Brady recently introduced legislation calling for this but it may turn out that his efforts are not really necessary. Based on my reading of Gavyn Davies column in the Financial Times, the Fed is already acting as if it only had a single mandate anyway:

Although it is easy to agree with Mr Bernanke’s determination to keep inflation anchored, there are quite a few surprising things in this statement. For someone who has previously argued that he takes the Fed’s dual mandate seriously, and has also believed that unemployment in the current recession is demand determined, not supply determined, it is odd to hear the chairman giving so little weight to the fact that the Fed’s employment objective will not be achieved for several years.

It is also odd to hear that he now believes that any improvement to the employment path might be “quite tentative and maybe doubtful”. Does that not sound more like someone who believes that unemployment is already near its structural or natural rate, at which point the Fed has no further responsbility for reducing it? This seems to be a change in the chairman’s use of language compared to what he has consistently said since the recession started.

Another puzzle is the FOMC’s latest take on its inflation objective.
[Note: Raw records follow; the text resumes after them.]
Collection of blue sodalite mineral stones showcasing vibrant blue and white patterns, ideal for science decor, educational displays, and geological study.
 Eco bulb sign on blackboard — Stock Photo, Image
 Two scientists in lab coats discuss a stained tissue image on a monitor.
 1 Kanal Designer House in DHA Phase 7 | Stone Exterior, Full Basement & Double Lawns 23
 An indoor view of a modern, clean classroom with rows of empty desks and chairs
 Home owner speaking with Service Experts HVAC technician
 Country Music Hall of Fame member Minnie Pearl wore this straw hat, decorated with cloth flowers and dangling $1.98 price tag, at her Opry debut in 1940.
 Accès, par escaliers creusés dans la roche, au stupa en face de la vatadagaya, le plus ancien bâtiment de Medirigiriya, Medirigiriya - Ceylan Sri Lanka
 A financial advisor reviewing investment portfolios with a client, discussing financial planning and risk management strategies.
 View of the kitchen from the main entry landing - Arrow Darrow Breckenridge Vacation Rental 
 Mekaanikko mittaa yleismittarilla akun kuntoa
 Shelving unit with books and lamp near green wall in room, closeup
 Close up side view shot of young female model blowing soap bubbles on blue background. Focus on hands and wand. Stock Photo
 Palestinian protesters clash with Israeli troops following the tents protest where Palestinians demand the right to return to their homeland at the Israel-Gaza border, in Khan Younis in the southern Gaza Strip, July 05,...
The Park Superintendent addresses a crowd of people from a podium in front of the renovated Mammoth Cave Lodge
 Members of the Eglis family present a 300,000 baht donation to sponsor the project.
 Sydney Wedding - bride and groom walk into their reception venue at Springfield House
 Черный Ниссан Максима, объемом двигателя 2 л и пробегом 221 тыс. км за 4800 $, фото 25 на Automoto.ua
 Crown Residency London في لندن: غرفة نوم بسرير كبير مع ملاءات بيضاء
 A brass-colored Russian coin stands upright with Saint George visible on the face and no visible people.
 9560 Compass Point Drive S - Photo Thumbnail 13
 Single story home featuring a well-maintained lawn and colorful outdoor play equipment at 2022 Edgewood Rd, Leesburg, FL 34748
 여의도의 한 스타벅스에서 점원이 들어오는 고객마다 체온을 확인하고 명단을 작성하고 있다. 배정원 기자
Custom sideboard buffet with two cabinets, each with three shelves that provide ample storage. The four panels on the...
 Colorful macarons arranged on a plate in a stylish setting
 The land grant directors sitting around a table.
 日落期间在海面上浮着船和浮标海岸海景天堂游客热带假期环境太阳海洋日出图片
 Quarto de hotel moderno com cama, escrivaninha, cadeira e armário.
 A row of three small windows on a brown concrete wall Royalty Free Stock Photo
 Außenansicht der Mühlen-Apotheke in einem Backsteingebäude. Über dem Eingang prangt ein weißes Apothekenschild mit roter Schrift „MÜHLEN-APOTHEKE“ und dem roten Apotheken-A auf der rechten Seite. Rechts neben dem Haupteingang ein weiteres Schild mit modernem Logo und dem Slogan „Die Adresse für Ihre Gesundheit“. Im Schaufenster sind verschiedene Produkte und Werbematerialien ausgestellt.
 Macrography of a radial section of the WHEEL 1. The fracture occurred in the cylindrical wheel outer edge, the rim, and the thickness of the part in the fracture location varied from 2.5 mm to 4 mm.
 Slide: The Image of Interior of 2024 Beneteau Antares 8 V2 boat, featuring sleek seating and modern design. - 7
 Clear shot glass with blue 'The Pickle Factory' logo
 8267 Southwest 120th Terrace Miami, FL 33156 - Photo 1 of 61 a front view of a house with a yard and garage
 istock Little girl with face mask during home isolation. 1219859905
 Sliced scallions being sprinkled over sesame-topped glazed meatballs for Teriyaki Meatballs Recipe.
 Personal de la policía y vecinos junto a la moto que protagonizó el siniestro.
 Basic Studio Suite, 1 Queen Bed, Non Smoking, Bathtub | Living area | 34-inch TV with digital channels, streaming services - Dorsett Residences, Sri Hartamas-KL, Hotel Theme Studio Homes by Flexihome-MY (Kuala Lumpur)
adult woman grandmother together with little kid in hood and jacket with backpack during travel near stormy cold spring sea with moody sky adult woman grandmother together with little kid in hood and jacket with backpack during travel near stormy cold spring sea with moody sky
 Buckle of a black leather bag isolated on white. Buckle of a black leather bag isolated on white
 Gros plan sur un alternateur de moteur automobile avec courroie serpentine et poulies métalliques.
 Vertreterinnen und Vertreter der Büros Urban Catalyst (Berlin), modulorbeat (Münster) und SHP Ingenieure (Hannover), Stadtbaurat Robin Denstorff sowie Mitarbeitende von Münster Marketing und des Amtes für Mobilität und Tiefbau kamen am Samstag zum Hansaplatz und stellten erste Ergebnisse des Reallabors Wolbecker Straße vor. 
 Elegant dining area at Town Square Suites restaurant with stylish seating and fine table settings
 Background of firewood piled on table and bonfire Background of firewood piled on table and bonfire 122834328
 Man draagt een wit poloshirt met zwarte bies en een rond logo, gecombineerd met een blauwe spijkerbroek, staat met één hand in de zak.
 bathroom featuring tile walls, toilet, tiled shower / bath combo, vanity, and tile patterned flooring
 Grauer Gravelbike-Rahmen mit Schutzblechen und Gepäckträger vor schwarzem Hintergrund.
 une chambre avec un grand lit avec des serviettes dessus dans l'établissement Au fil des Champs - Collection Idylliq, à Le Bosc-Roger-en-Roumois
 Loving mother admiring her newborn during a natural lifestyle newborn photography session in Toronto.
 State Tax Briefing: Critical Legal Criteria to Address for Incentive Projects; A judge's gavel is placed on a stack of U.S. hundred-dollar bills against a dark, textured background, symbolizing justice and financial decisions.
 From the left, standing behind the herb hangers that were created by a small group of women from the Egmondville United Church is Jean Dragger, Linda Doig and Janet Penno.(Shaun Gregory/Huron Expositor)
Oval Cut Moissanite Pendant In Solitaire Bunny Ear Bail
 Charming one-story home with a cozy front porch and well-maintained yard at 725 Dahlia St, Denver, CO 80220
Although the chairman says that it is a symmetrical target around 2 percent, the committee in fact seems to have little or no tolerance for taking any risk that inflation might exceed 2 percent for even a fairly short space of time. This is also more hawkish than would seem consistent with the dual mandate.

In fact, ever since the inflation target was formally adopted by the Fed in Janaury, the FOMC seems have veered in the direction of interpreting its target rather like the ECB, where 2 percent inflation is regarded as a ceiling, not an average, and where unemployment formally has no role in monetary policy.

It is very hard to believe that the FOMC has permanently changed its reaction function to that extent, but it is currently trying hard to persuade us that it has. Much lower inflation is needed before they will ease again.

(H/T Brad DeLong)

So if the Fed is acting as if inflation was the only thing that mattered, can conservatives genuinely say this is leading to positive results?